• Problem statement
Starting at the line that contains "Christmas Dog beside Gift Box", write out each line through the end of the data below, exactly as it stands. Skip any pictures.

• Dataset content
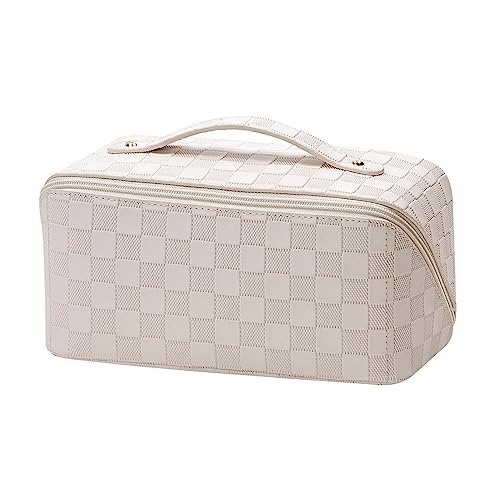 Damen-Kosmetiktasche mit großem Fassungsvermögen Tragbare, multifunktionale Kosmetiktasche aus PU-Leder mit großem Fassungsvermögen (Color : White, Size : 23.5x12x12cm) von SLEDEZ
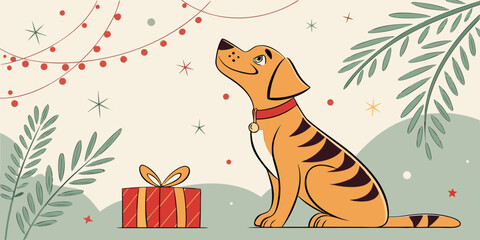 Christmas Dog beside Gift Box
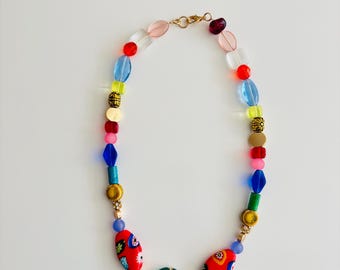 Bright Mixed Bead Necklace with Floral Accents – Colorful Handmade Jewelry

• Written answer
 Christmas Dog beside Gift Box
 Bright Mixed Bead Necklace with Floral Accents – Colorful Handmade Jewelry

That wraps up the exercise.